Я присел на кровати, выпил водку и уставился на пол. Выражение лица, наверняка, было обиженное. Помолчав какое-то время, Лючия села на ковер и заглянула мне в глаза.
— Ты на меня обиделся?
— Давай не будем об этом говорить…
— А ты и не должен. Послушай… — Лючия взяла чашку с кофе; когда она отпила, зубы стучали о край чашки. — Ты никому не скажешь?

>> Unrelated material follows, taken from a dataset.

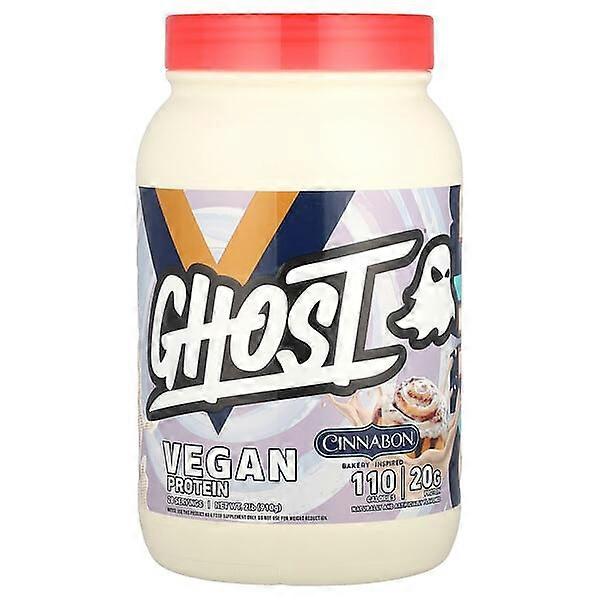 Ghost, Vegan Protein, CinnabonÃÂÃÂÃÂÃÂ®, 2 lb (910 g)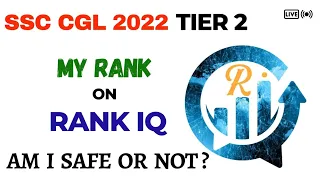 My Rank on RANKIQ 💥| SSC CGL Tier 2 Expected Cut Off 2022 🎯 #viral #ssc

Под давлением ее взгляда я опустил глаза.
— Клянусь.
— Даже и не знаю, как тебе это сказать…
— Зачем ты сбежала из дома?
— Мне не тринадцать лет, чтобы убегать. Просто-напросто, положила в сумочку пару мелочей и перебралась сюда. Так я сделала первый самостоятельный шаг. А теперь собираю силы перед долгим путешествием.
— И куда ты хочешь ехать?
— На континент. Я должна отправиться туда, потому что за последние дни атмосфера дома сделалась совершенно невыносимой. У матери вечно какие-то видения. Она боится моря. С самого детства она воспитывала меня в страхе перед ним. Мы давно уже перебрались бы на континент, если бы мать могла преодолеть страх перед плаванием. Нам никак не удается убедить ее войти на корабль. Как только она приближается к берегу, так сразу же представляет катастрофу. Точно так же она опасается и за меня, и потому ни разу не разрешила мне выйти в море. В это трудно поверить, но за двадцать лет я не видела ничего, кроме клочка земли на этом острове. До вчерашнего дня… Лючия помолчала. — Я даже и не знаю, когда это случилось. Во всяком случае, до того времени, как поехала с тобой в Рим, я никогда не была в Помпее или даже в Сорренто. Мать очень меня любит. Но под влиянием ее больного воображения я давно уже утратила уверенность в себе самой. Она забила мне голову своими представлениями, довела до того, что и у меня тоже начинают появляться похожие галлюцинации. Вскоре после того, как я перебралась в гостиницу, я своими глазами увидела то, о чем мне она столько раз рассказывала.